-- Data follows --
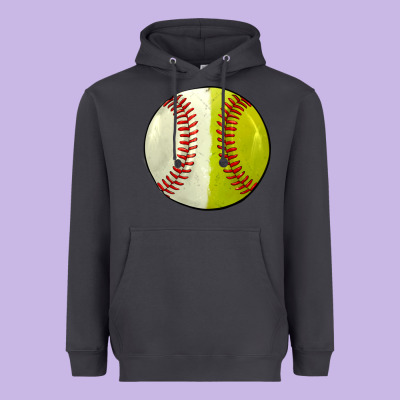 Half Baseball Softball Heavyweight Hoodie Designed By Jahusdesignshop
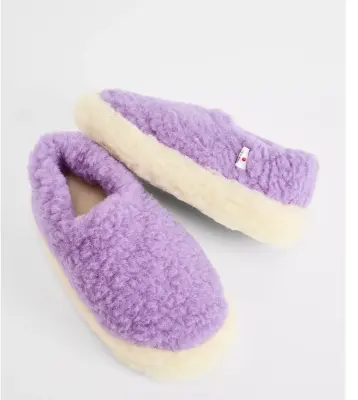 Chaussons en laine Lilas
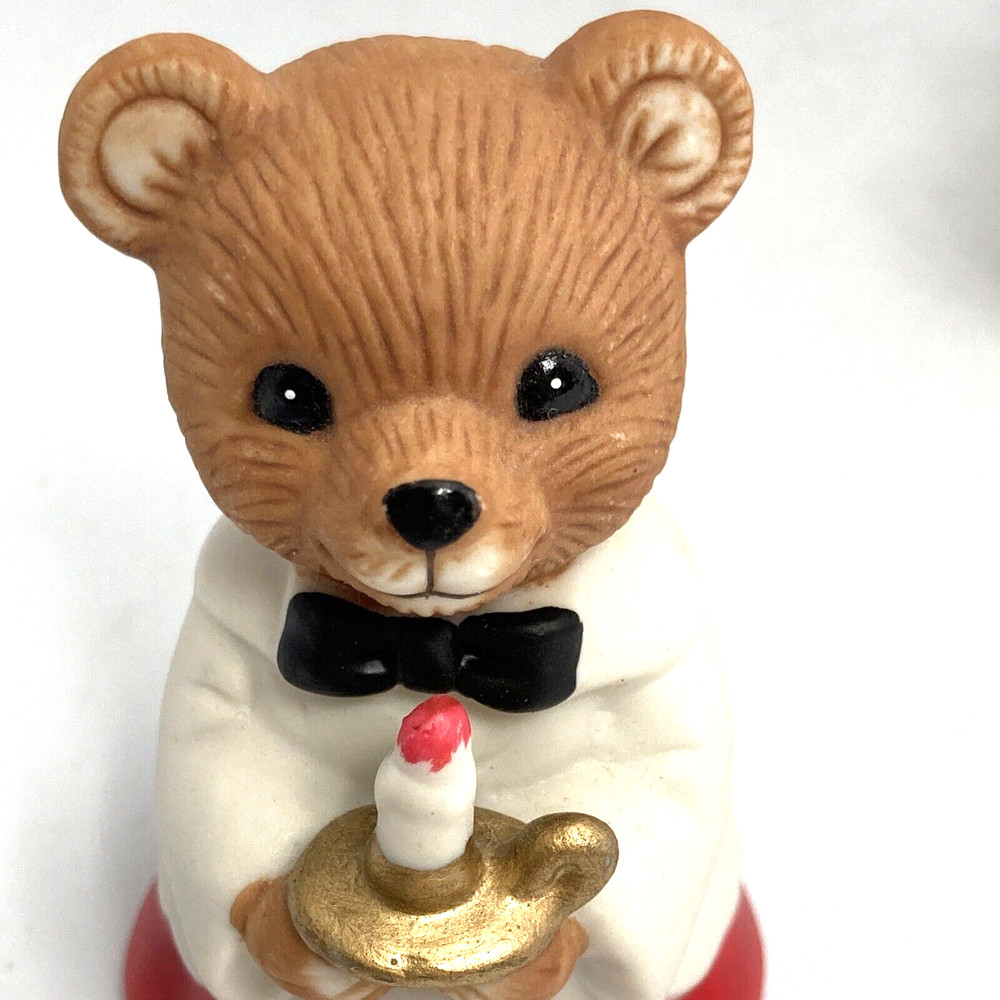 Ceramic Choir Bear Figurines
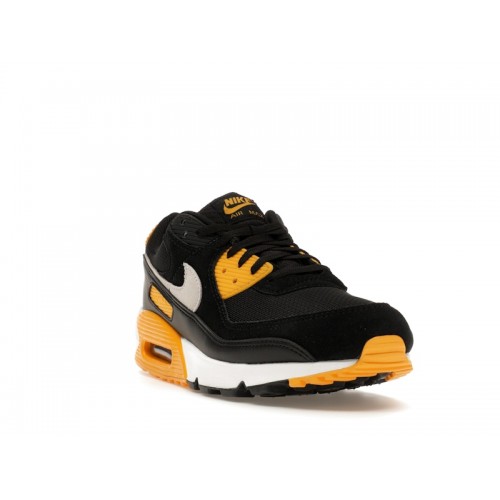 Кроссы Nike Air Max 90 Black University Gold White - мужская сетка размеров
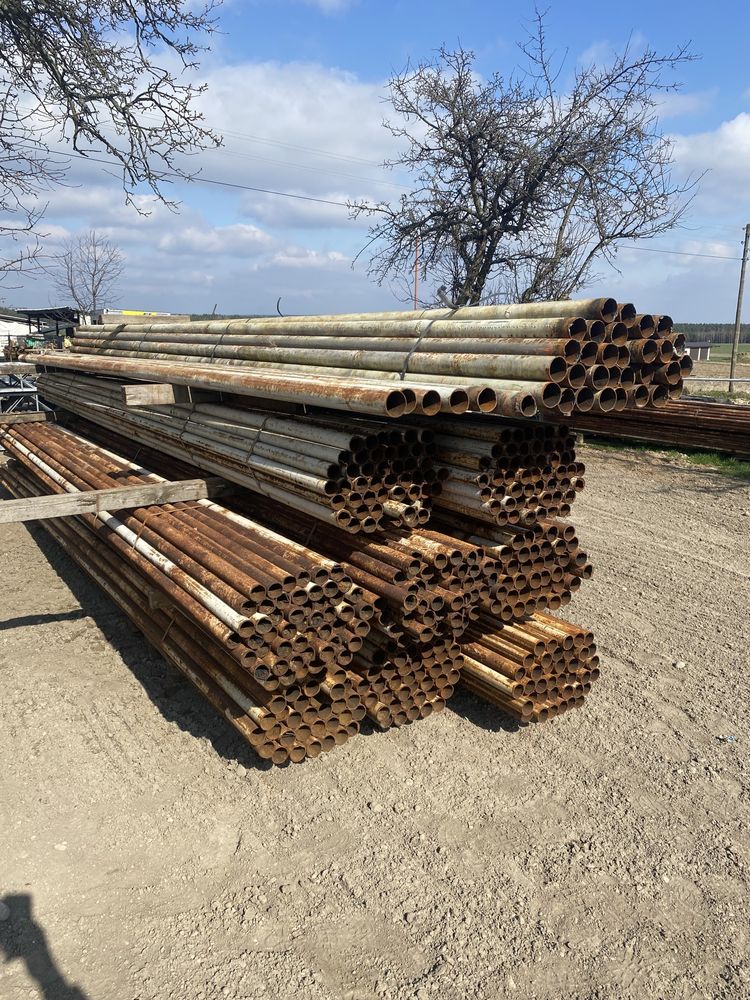 Słupki ogrodzeniowe 2m 2.15m 2.25m 2.5m 3mfi 45/51 i inne rura stalowa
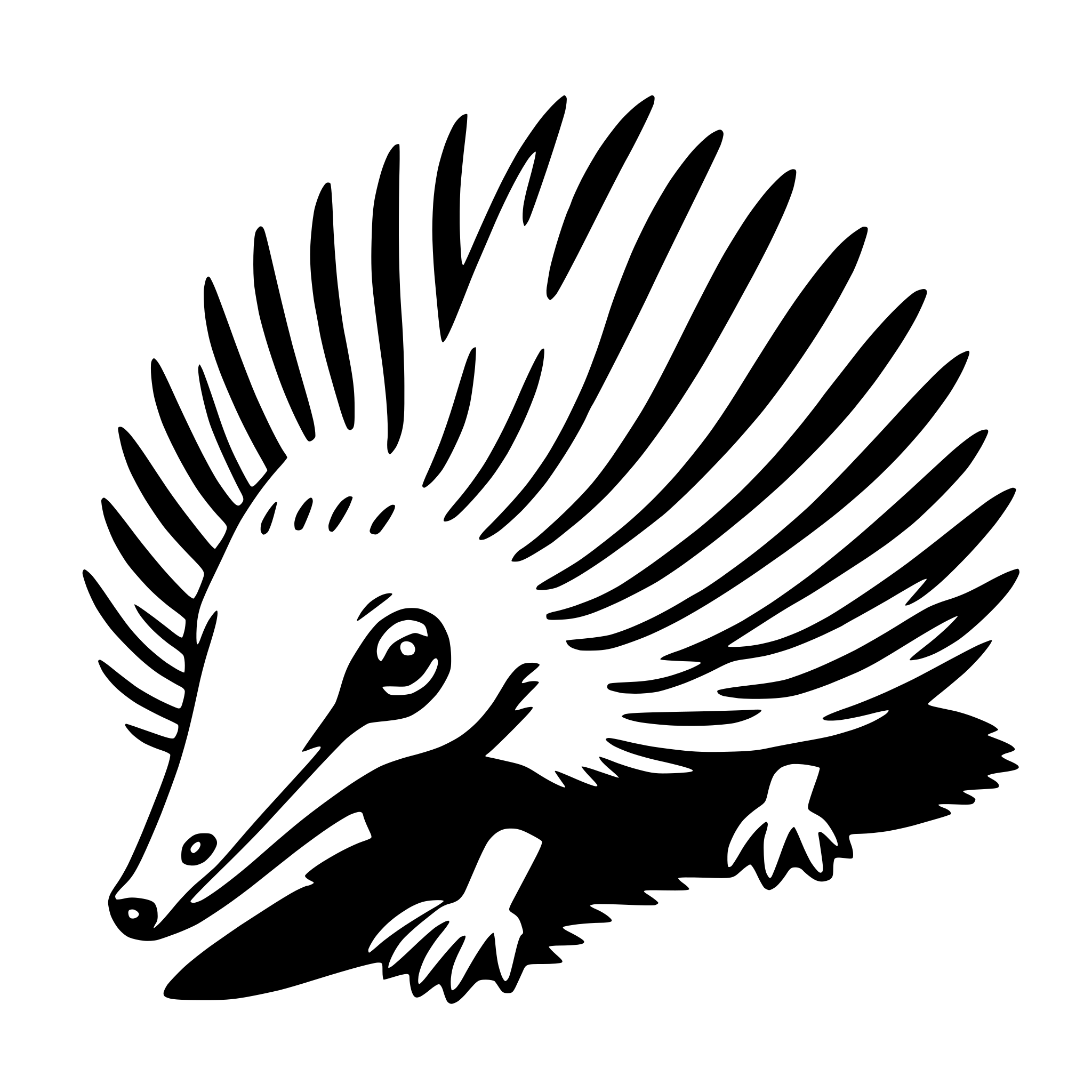 AI-generated SVG of 'echidna'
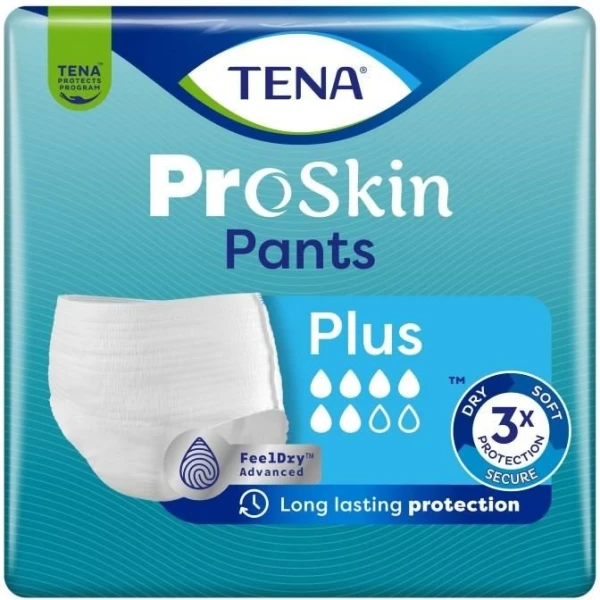 Tena Pants ProSkin, majtki chłonne, rozmiar S, 65-85 cm, Plus, 15 sztuk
-- Data concluded --
Work required:
Each line from the line containing "Кроссы Nike Air" through the last line above must be written out exactly, and every picture must be omitted.

Solution for this task:
 Кроссы Nike Air Max 90 Black University Gold White - мужская сетка размеров
 Słupki ogrodzeniowe 2m 2.15m 2.25m 2.5m 3mfi 45/51 i inne rura stalowa
 AI-generated SVG of 'echidna'
 Tena Pants ProSkin, majtki chłonne, rozmiar S, 65-85 cm, Plus, 15 sztuk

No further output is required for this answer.